La BCE a-t-elle eu la dent trop dure contre Monte dei Paschi di Siena ? (Crédits : © Stefano Rellandini / Reuters)

Le ministre italien de l’Économie critique l’opacité qui a accompagné l’exigence relevée de capitaux de la BCE concernant la banque italienne. L’Italie craint d’avoir voulu être victime d’une stratégie de communication de l’institution.

Décidément, l’union bancaire européenne, souvent présentée comme une des plus grandes réalisations de l’après-crise dans l’Union européenne, ne cesse de montrer ses limites. La Grèce, le Portugal et maintenant l’Italie ont renfloué leurs banques avec de l’argent public, malgré les promesses du nouveau mécanisme de résolution en vigueur depuis le 1er janvier qui devait bannir ces pratiques. Désormais, c’est le superviseur unique, la BCE, qui est dans le viseur. Ce jeudi 29 décembre, le ministre italien de l’Économie, Pier Carlo Padoan, a ouvertement critiqué sans détour les méthodes de l’institution de Francfort.

Vives critiques

La BCE a en effet relevé en début de semaine ses exigences de recapitalisation de la banque Monte dei Paschi di Siena de 5 à 8,8 milliards d’euros. Un relèvement qui a surpris le ministre. Certes, dans son interview au quotidien des affaires Il Sole-24 Ore, Pier Carlo Padoan prévient que le « conseil de supervision bancaire de la BCE est une autorité indépendante et que sa décision n’est pas contestable ». Mais il ajoute aussitôt que « il serait utile – je ne dis pas courtois – d’avoir de la part de la BCE quelques informations supplémentaires sur les critères avec lesquels elle est parvenue à cette évaluation ». Pier Carlo Padoan affirme avoir reçu une lettre de « cinq lignes et trois chiffres ».

La critique n’est pas seulement une amertume de la part d’un ministre contraint de dépenser davantage pour sauver Monte Paschi.

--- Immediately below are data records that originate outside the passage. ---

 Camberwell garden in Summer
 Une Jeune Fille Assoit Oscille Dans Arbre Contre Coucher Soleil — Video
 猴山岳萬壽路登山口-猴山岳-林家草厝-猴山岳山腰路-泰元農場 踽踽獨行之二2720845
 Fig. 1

C’est aussi une demande de transparence et de justice.

« Une explication permettrait aussi aux autres banques de comprendre comment se comporter correctement quand elles se tournent vers la BCE », indique le ministre italien. Et de conclure : « le manque de transparence des informations se traduit par de l’opacité et les choses opaques conduisent à des interprétations presque toujours erronées ».

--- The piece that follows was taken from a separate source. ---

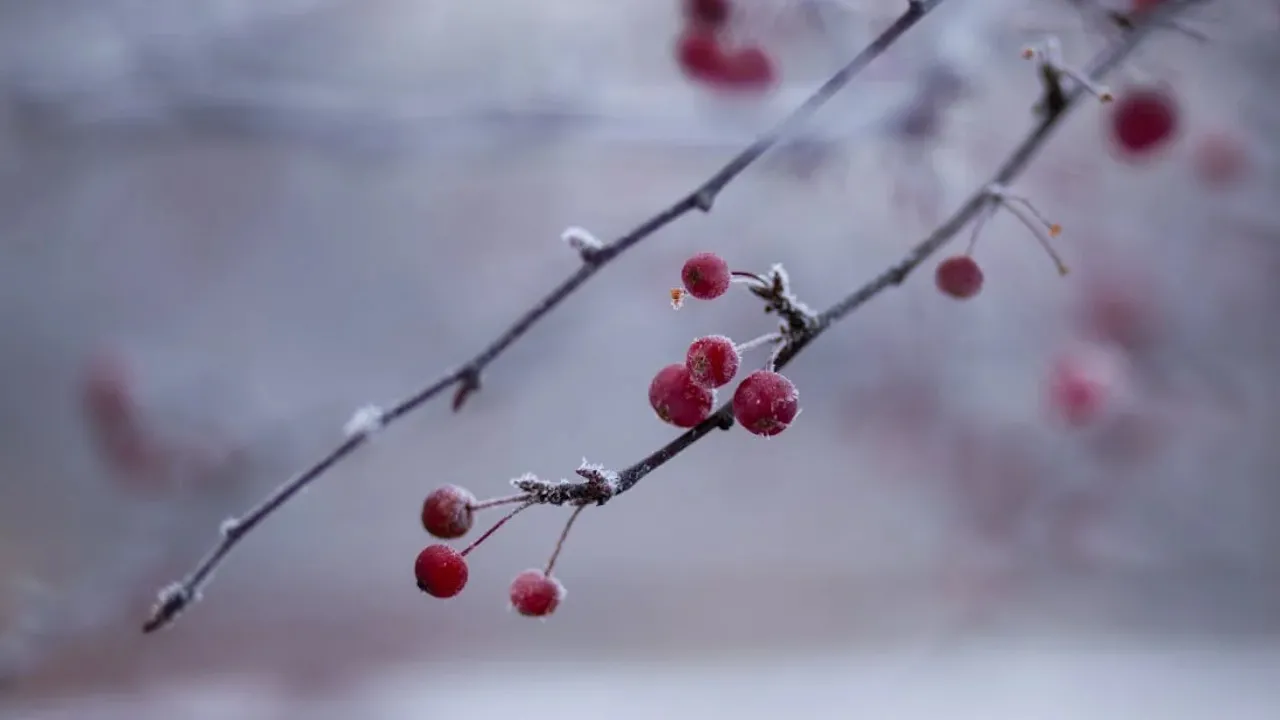 Якою буде зима 2024-2025 в Україні: прогноз погоди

Derrière les termes choisis, le discours est clair : les décisions de la supervision unique de la BCE manquent de clarté et sont donc soumises à des soupçons d’arbitraire.

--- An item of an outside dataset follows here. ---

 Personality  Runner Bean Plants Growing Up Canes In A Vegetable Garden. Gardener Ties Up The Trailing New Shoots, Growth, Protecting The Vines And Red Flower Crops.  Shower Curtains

Une ligne dure qui a aggravé la situation

Cette critique intervient alors, qu’en Italie, l’exigence de la BCE a été mal perçue et assez mal comprise. Le sentiment d’un acharnement est assez perceptible. Même Il Sole-24 Ore, d’ordinaire assez modéré, estime que la « ligne dure de la BCE a rendu la crise de Mone Paschi ingérable ». La BCE a, en effet, imposé dès juin une recapitalisation avant le 31 décembre et non sur trois ans comme l’envisageait Rome. Elle a refusé le délai supplémentaire de 20 jours demandé par Rome, après le « non » au référendum institutionnel du 4 décembre qui rendait une solution privée plus difficile. Cette ligne a exercé une pression forte sur la banque et le gouvernement et a rendu une solution « de marché » plus difficile en créant des inquiétudes sur les marchés et en alourdissant ainsi la facture finale. Elle a conduit à une urgence qui a rendu la solution privée plus difficile.

Faire un exemple ?

Certes, selon Reuters citant une source proche du dossier, les 8,8 milliards d’euros ne permettraient pas à Monte Paschi que d’atteindre un ratio de solvabilité CET-Tier1 de 8 %, soit un niveau relativement bas au regard du résultat des tests de résistance européens. Mais alors, pourquoi ne pas avoir justifié ce choix et pourquoi ne pas l’avoir argumenté ? Immanquablement, l’idée que la BCE a voulu « faire un exemple » avec la banque italienne en se montrant le plus ferme possible s’est installée en Italie. Cette fermeté peut certes être uniquement « technique » : elle viserait alors à inviter l’État italien à régler une bonne fois pour toutes le problème des créances douteuses, notamment en facilitant le recouvrement de ces créances par des procédures plus rapides, mais aussi en accélérant la restructuration du système bancaire.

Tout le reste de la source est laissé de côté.